Hi,
Its a long reply
System had 6G ram initially when the issue was reported.
Swap was reaching almost 100% in 1 to 2 weeks time. System still had 1G buffer/cache.
The problem here is that there is no single process occupying high memory.
If you run top and sort based on Memory or swap, you will find 5-6 processes using more than 10-15% of the total memory/swap.
This rules out the possibility of memory leak.
And another interesting thing is that this issue happens for multiple nodes in 2 different clusters (running almost same list of applications.)
This was a clear sign that system was running out of memory and swap.
So we increased memory from 6G to 8G hoping that this would solve the issue.
But it didn't.
swap memory usage still rose to more than 90% in 10 days.
The buffer/cache memory which previously used to be 1G, now became 3G
(The behavior was not same in all the nodes.
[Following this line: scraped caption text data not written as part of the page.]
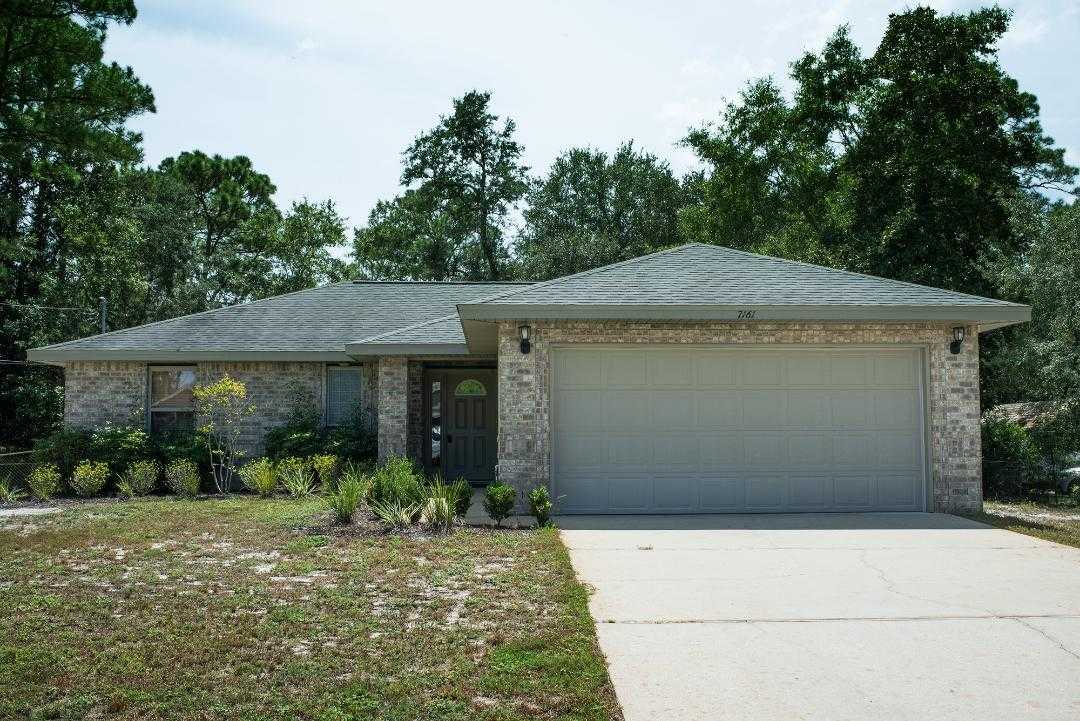 photo 1: 7161 Blueberry Lane, Navarre FL 32566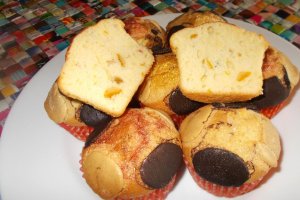 Desert briose cu fructe confiate si banuti de ciocolata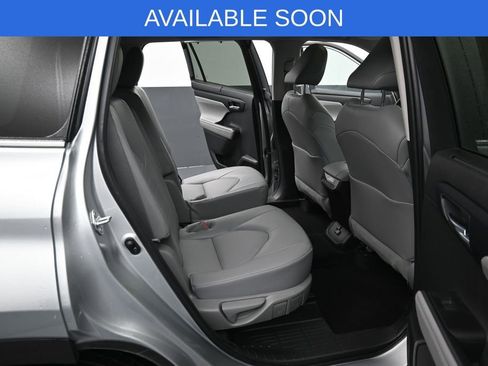 Used 2022 Toyota Highlander XLE AWD/4WD image 33
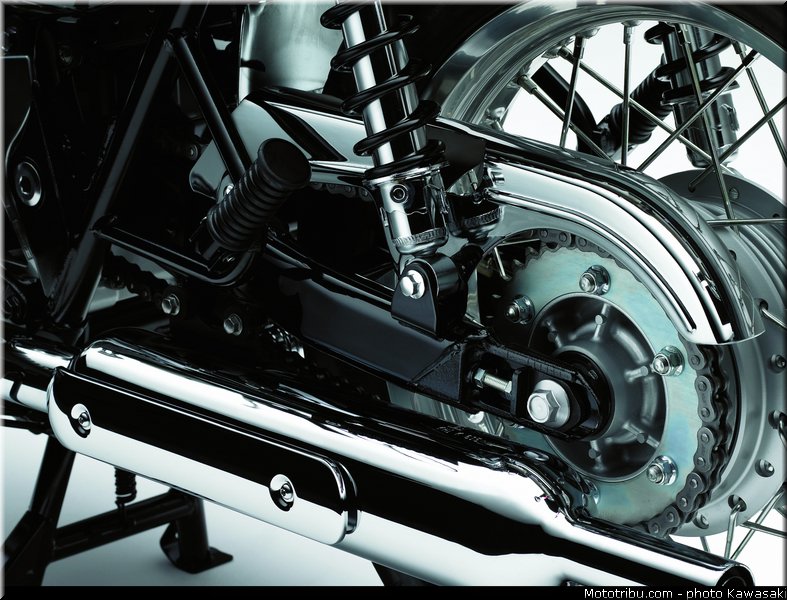 kawasaki_2012_w800_027
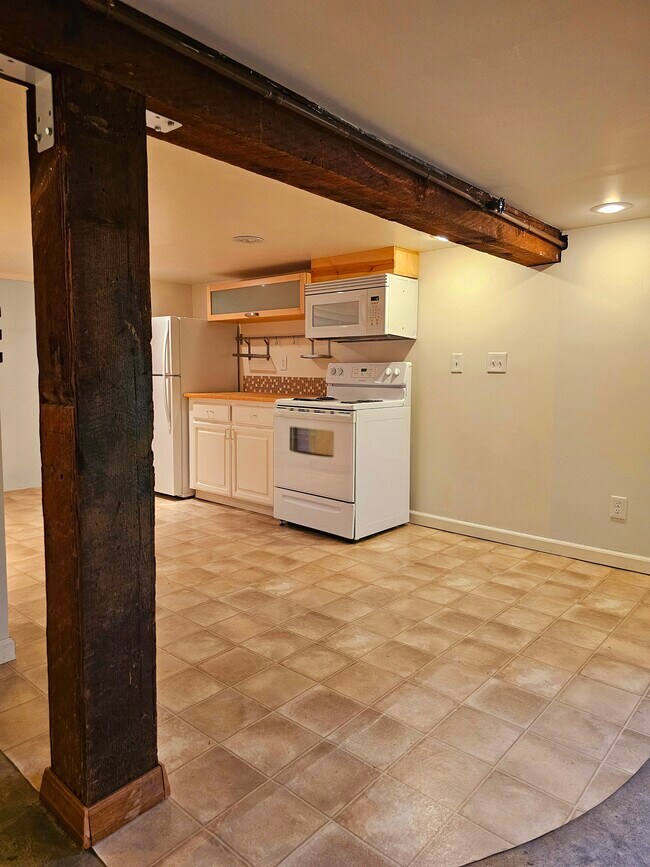 Building Photo - 309 NE Graham St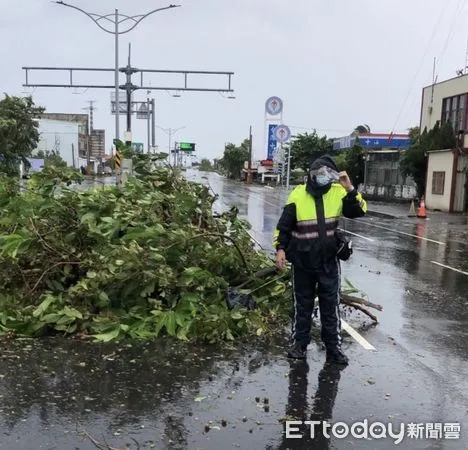 ▲枋寮警分局協助排除路樹            。（圖／記者陳崑福翻攝，下同）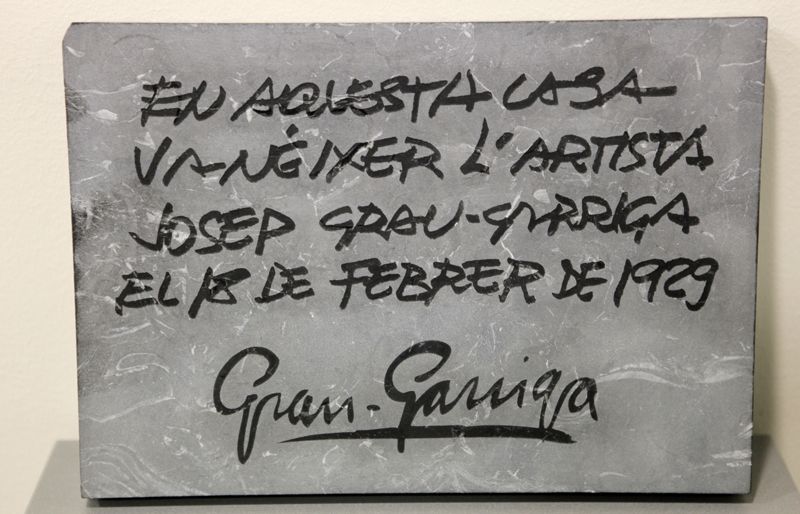 La placa, obra de Pep Codó, lluirà al carrer de Sant Antoni, 42. FOTO: A.Ribera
For some nodes it didn't even go beyond 50%).
The only logical justification I could find is that system really needed more swap memory.
Bcoz what I understand is that processes/pages which were swapped out once, were never removed from swap memory.
Unless you manually clear it or the application is killed/stopped.
But somewhere I read that even if a process is killed, system won't really show this space as free bcoz linux uses Lazy memory management as removing page table entries frequently is an expensive process. Until some apps request for more memory.
Any more inputs appreciated.